▶ Information provided
--- --- ---
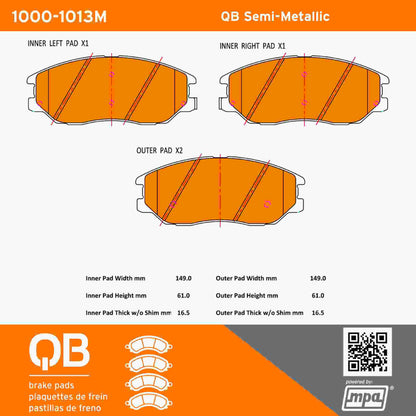 Quality-Built QB Semi-Metallic Brake Pads 1000-1013M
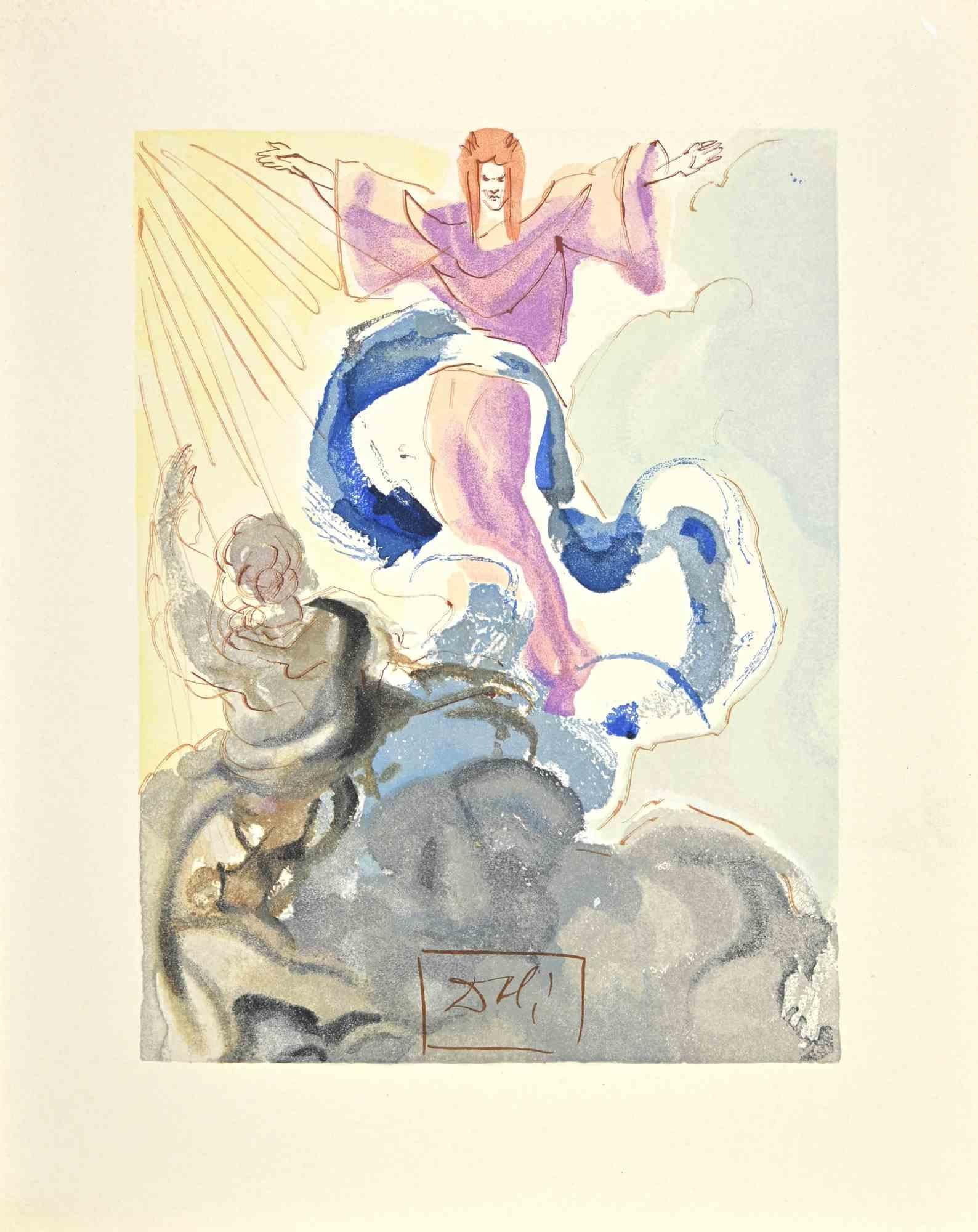 Salvador Dalí Figurative Print - The Song of the Wise Spirits - Woodcut - 1963
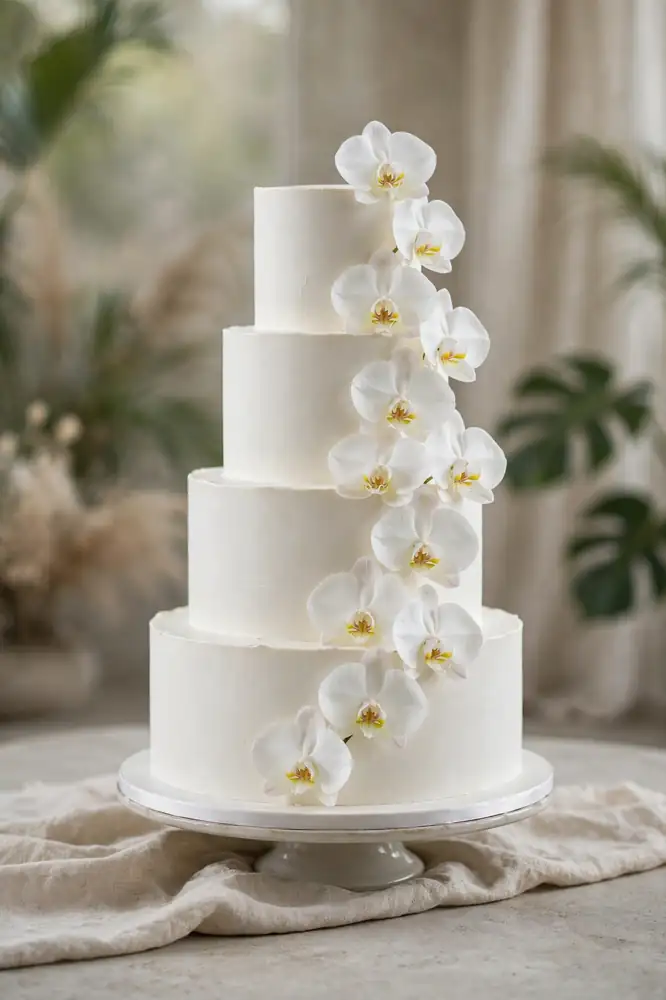 Wedding cake with white orchid blooms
--- --- ---
▶ Exercise description
What you return should be the exact lines from the one containing "Salvador Dalí Figurative" through the end of the listing above, both included, minus any pictures.

▶ The completed task
 Salvador Dalí Figurative Print - The Song of the Wise Spirits - Woodcut - 1963
 Wedding cake with white orchid blooms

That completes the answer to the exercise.